Our New Robot Overlords


When I was a much younger man, lord knows that the state of Illinois tried its level best to rehabilitate me, in the vocational sense. The Division of Vocational Rehabilitation paid to put me through college and purchased my first motorized wheelchair.

But did it work? Was I rehabilitated, vocationally? Here I am more than 40 years later and I still don’t know the answer to that probing question. But maybe rehabilitation isn’t the right word for the process of helping cripples get jobs, because when you rehabilitate something, like an old house, you restore it to its previous grandeur. So if I apply that definition, I can say for sure that I wasn’t rehabilitated because there was no previous grandeur to restore me to. I was just a teenaged crippled kid.

And when you rehabilitate a person, like a prisoner or a political dissident, you correct them. You show them the folly of the path they were pursuing. You get them to repent and change course and go straight. So according to that definition, I guess I wasn’t vocationally rehabilitated, either, because I didn’t become a social worker. That was about the only career DVR would pay for a cripple like me to embark upon in those days because we had to play it safe and major in something that would make us employable.

The idea was that if we became social workers, we could go to work for DVR and then push the next generation of cripples to become social workers so that they could go to work for DVR and push the next generation of cripples to become social workers so that they could go to work for DVR, and so on into perpetuity. It was a drag, but if you said screw it and didn’t go to college, your job prospects were even more dismal. Being a store greeter at Walmart wasn’t even an option because that was before there were any Walmarts.

But DVR still covered me even though my only career goal ever was to get paid to write. And since that’s what I’m doing as we speak, could it be that I actually was vocationally rehabilitated? Maybe this is a cripple success story with a happy ending after all! But I don’t know. If the state of Illinois could read this, would it feel satisfied that it got its money’s worth on me? Probably not. So I’ll just have to say I’m sorry, state of Illinois. You gave it your best shot, and so did I. It just wasn’t meant to be. No hard feelings.
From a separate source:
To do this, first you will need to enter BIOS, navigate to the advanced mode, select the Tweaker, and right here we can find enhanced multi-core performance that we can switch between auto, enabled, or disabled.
I wonder if it’s easier for the cripples of today to get themselves vocationally rehabilitated. It might be, in a way, because I imagine that there could be a career option or two besides social work that DVR would deem acceptable. They may say it’s OK to study computer sciences. Back when I was in college, computers were the size of a Buick and only NASA had them.

But nevertheless, I fear that future generations of cripples will have a harder time than any of us getting themselves vocationally rehabilitated. Future cripples won’t just be competing for jobs with verts. They’ll also be competing with robots for jobs. Even the cripples who play it safe and become social workers and go to work for DVR and push the next generation of cripples to become social workers and go to work for DVR will probably be laid off and replaced by robots. And then what will they do? They’ll have to make an appointment with DVR to help them find another job. And when they get to the DVR office they’ll meet with a robot social worker that speaks with a cyborg voice like Stephen Hawking. And if they don’t like it when the robot social worker tells them there are no jobs, they can go over the robot social worker’s head and appeal to the supervisor, which will also be a robot.

So all the future cripples who become social workers and go to work for DVR and get replaced by robots will be trying to get jobs as store greeters at Walmart. But those jobs will probably also be done by robots.